The title is the plot of the story. A soviet submarine called the Red October goes missing and both the soviets and the Americans are looking for it in the ocean.
I read this because I want to read more thrillers and I thought why not start with the mack daddy of military/spy thrillers, Tom Clancy. That claim may be disputed but he’s the godfather of thrillers as far as I know. I want to read more popular fiction.
This is Clancy’s first novel and it’s a Jack Ryan novel. Lauren and I watched the Jack Ryan TV show and loved it. We watched The Hunt for Red October movie starring Alec Baldwin. I basically had Alec Baldwin in my head picturing Jack Ryan.
Clancy was a patriot. This book is very pro America and anti-communist. But Clancy also shows the Russian people in a very generous light. The Red October goes missing because the captain Marko Aleksandrovich Ramius is defecting to America with his officers. He never believed in communism despite rising through the soviet ranks to become a military elite. But the final straw was when a drunk communist doctor (who gets paid as much as a teacher) botched an operation on his wife and she died. So he takes the sub and defects to America.
Clancy sees the humanity in the soviet people and their longing to be free. The catalyst for captain Ramius liberation was his Roman Catholic grandmother who secretly had him baptized. She told him religious stories and it stuck with him.
“but she did manage to have him baptized a Roman Catholic soon after his father had deposited him with her. She never told Marko about this. The risk would have been too great. Roman Catholicism had been brutally suppressed in the Baltic states. It was a religion, and as he grew older Marko learned that Marxism-Leninism was a jealous god, tolerating no competing loyalties.” (p41)

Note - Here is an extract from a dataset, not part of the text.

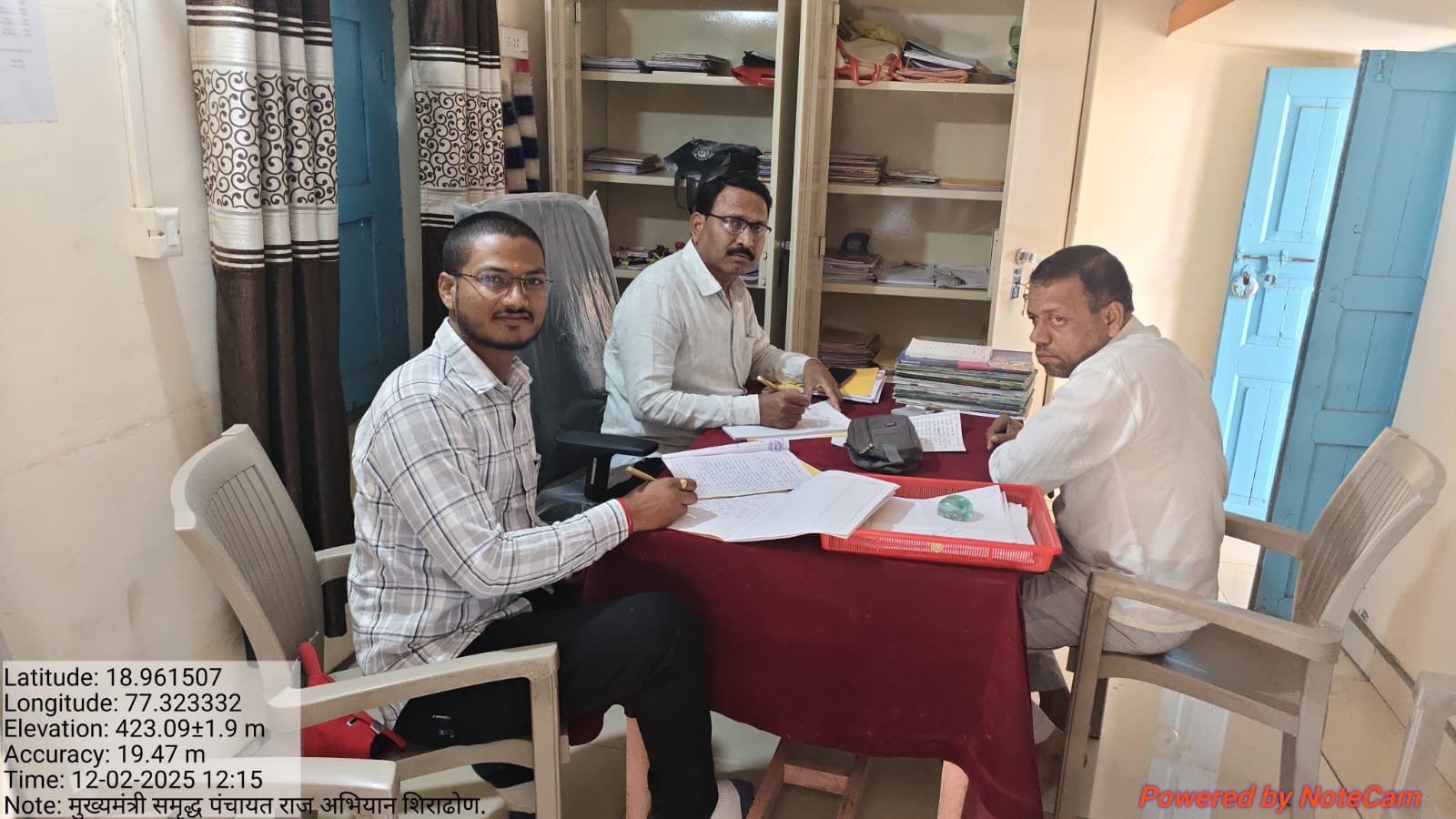 ग्रा.पं. नमुने अद्यावत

This is fascinating from Clancy. It was also great to find out that Jack Ryan is a Christian or at least believes in God.
“You are be-believer?” Borodin asked.
“Yeah, sure.” Ryan should not have been surprised by the question. “Hell, you gotta believe in something.” “And why is that, Commander Ryan?” Borodin was examining the Pogy through oversized night glasses.
Ryan wondered how to answer. “Well, because if you don’t, what’s the point of life? That would mean Sartre and Camus and all those characters were right-all is chaos, life has no meaning. I refuse to believe that. If you want a better answer, I know a couple priests who’d be glad to talk to you.”
Borodin did not respond. He spoke an order into the bridge microphone, and they altered course a few degrees to starboard.” (p494)
This is an insight into Clancy’s patriotic Christianity. It used to be simple. To be American pretty much meant to be Christian. If you went to another country and they knew you were American they could also safely assume that you were a Christian. That’s no longer the case. When someone hears that you’re American they probably assume you are an idiot. Who knows. I’ve only been out of the country once and it was to China. They think all American’s are geniuses and rich and beautiful.
When Wes Huff was on Patrick Bet David’s podcast PBD asked Wes why Christianity is declining in the West. Wes basically said that it was most likely only fakers who were falling away from the faith, people who were going to Christian church out of convenience rather than conviction. PBD didn’t like that answer. He saw it as a cop-out. He compared it to one of his insurance agencies that was losing sales and salesmen. He sees it as a lack of enthusiasm in the leadership.
I could tell what he was getting at. He was comparing it to the rise of Islam and Andrew Tate being a very charismatic voice that is drawing young men. He wanted to know where the Andrew Tate of Christianity was.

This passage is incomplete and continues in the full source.